During the study period (July 2022 and June 2024), participation in MPP was high. Of the 1618 invited to the platform, 1253 (77%) registered and 1190 (95.0% of those who registered) completed the HAQ. Following completion of the HAQ, participants were provided with tailored health information based on their responses as well as a summary report. Engagement with this information was high, with 1086 (87%) accessing the summary report. As seen in Figure 1, when information about modifiable risk factors was generated for participants to review, they were consistently accessed by participants.

Figure 1.

Health information areas provided versus accessed by participants.

Cohort demographics

Between July 2022 and June 2024, 1614 people had total knee or total hip arthroplasty surgery. Of this 1,614, 898 were excluded from this project as they underwent emergency or non-elective admissions. An additional 158 were excluded due to having procedures other than primary hip or knee replacements (e.g., revision arthroplasties). The remaining 558 patients were included in the analysis, of whom, 116 were MPP participants. Details of the analysis group, eligibility, invitation, uptake, and exclusion are summarised in Figure 2.

Figure 2.

Patient flow of study cohort.

Baseline demographics for MPP participants and SCG are presented in Table 1. There was an even gender balance between groups, with a slight female preponderance in both. MPP participants were approximately 5 years younger than SCG. Although a higher proportion of MPP participants underwent total hip arthroplasty surgery compared to SCG (53.4% vs 43.7%), this difference was not statistically significant (p = 0.060).

Table 1.

Demographic information.

	MPP participants(n = 116, 20.8)	Standard care group(n = 442, 79.2)	Total(n = 558)	Pearson chi-square p-value
Age*				0.215
Median (IQR)	68 (61–76)	73 (64–79)	72 (64–79)
Range	19–89	16–95	16–95
Sex				0.802
Male	54 (46.6)	200 (45.2)	254 (45.5)
Female	62 (53.4)	242 (54.8)	304 (54.5)
Aboriginal or Torres Strait Islander	3 (2.6)	9 (2.0)	12 (2.2)	0.716
Surgery type				0.060
THR	62 (53.4)	193 (43.7)	255 (45.7)
TKR	54 (46.6)	249 (56.3)	303 (54.3)
IRSD ≤3	46 (39.7)	193 (43.7)	239 (42.8)	0.437
Rural residence	20 (17.2)	117 (26.5)	137 (24.6)	0.040
ASA				0.005
Median (IQR)	2 (2–3)	3 (2–3)	3 (2–3)
I	3 (3.9)	6 (1.5)	10 (2.)
II	53 (51.5)	160 (39.6)	213 (42.0)
III	46 (44.7)	233 (57.7)	279 (55.0)
IV	0 (0)	5 (1.2)	5 (1.0)

Abbreviations: IQR, interquartile range; THR, Total Hip Replacement; TKR, Total Knee Replacement; IRSD, index of relative socioeconomic disadvantage; ASA, American Society of Anaesthesiologists. NB: Numbers represent n (%) unless specified by * to represent years.

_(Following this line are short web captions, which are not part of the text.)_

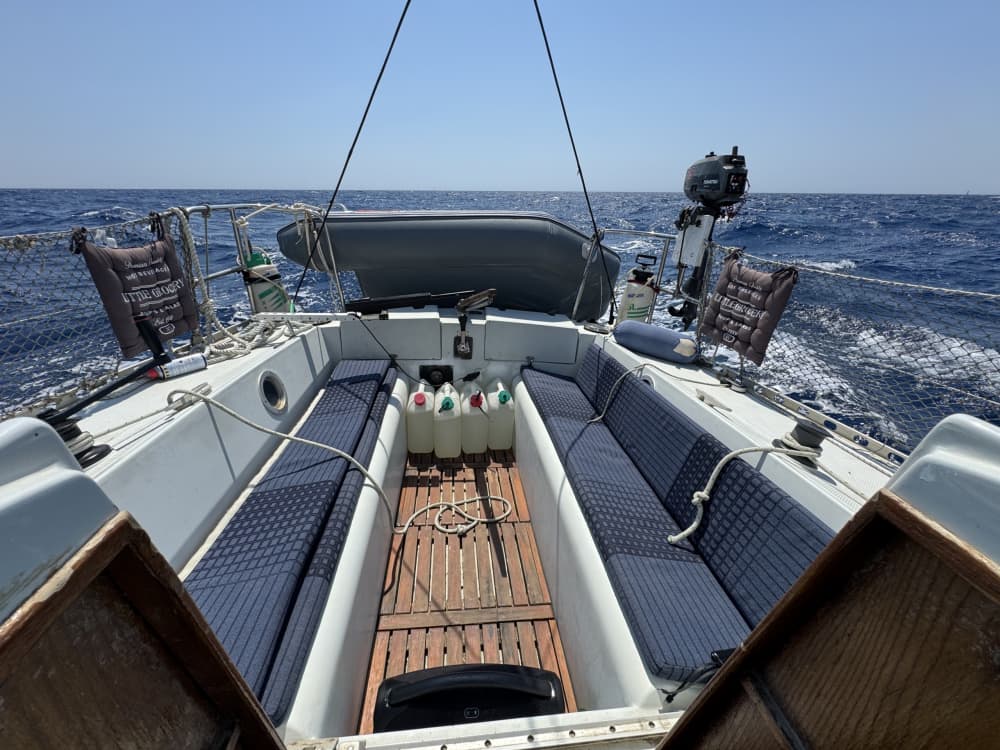 Journée complète de voile à Marseille 6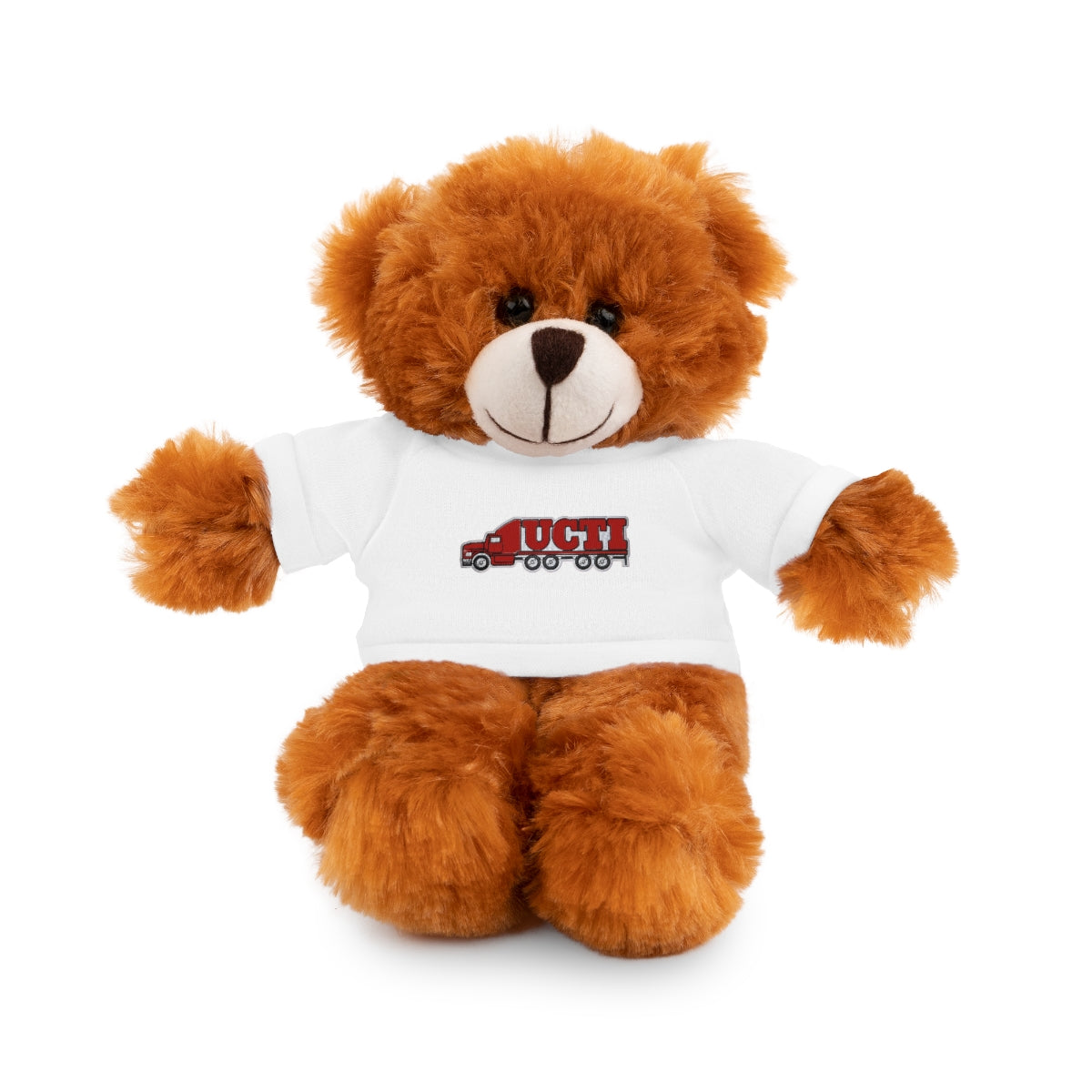 United Stuffed Animals with Tee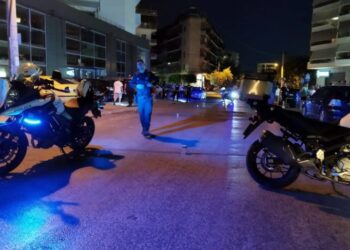 Συμβαίνει Τώρα-Πυροβολισμοί στα Κάτω Πατήσια: Ένας Σοβαρά τραυματίας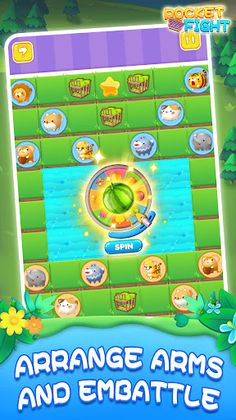 Pocket 7 Fight - Screenshot 3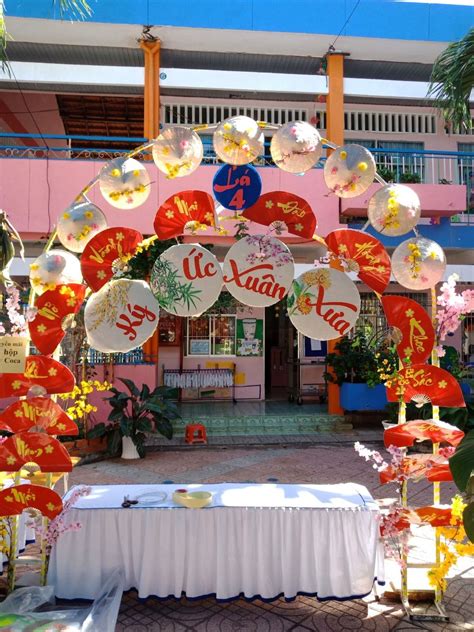 Những Mẫu Trang Trí Gian Hàng ẩm Thực đơn Giản Mà đẹp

In both cohorts more than a third of participants resided in areas of significant socioeconomic disadvantage, as defined by the lower three deciles of the Index of Relative Socio-Economic Disadvantage (IRSD) (43.7%, n = 193 vs 39.7%, n = 46, p = 0.437). Overall, 137 participants (24.6%) resided in rural or regional areas, with a greater proportion of them in the SCG (117, 26.5% SCG vs 20, 17.2%; MPP participants, p = 0.040). Of the 558 individuals in this study, 507 had ASA physical status scores recorded in EMR (SCG = 401, MPP participants = 103). The median ASA status score was 2 for the MPP group and 3 for the SCG group (p = 0.005). While this difference is statistically significant, both groups were predominantly in the lower-risk ASA categories, suggesting broadly comparable preoperative health status.

Clinical and cost outcomes

During the study period (July 2022 to June 2024), the average LoS for MPP participants (x̄ = 107 h, IQR 72.2–129.3) was 24 h shorter than the average LoS for SCG (x̄ = 131 h, IQR 77.9–154.2, p = <0.001, 95% CI 10.94–37.81). This difference is further illustrated in Figures 3 and 4. Associated with the reduction in length of stay for MPP participants, the average cost of an admission was 6.9% lower compared to the SCG, equating to a cost saving of $2,251.85 per admission (p = 0.199). This cost reduction for MPP participants was consistent across both comparison periods (2023/24 and 2022/23). A breakdown of the costings can be found in Table 2.

Figure 3.

Distribution of length of stay (hours) for MPP participants.

Figure 4.

Distribution of lenth of stay (hours) for standard care group.

Table 2.

Breakdown of average costs between program participants and SCG during implementation period.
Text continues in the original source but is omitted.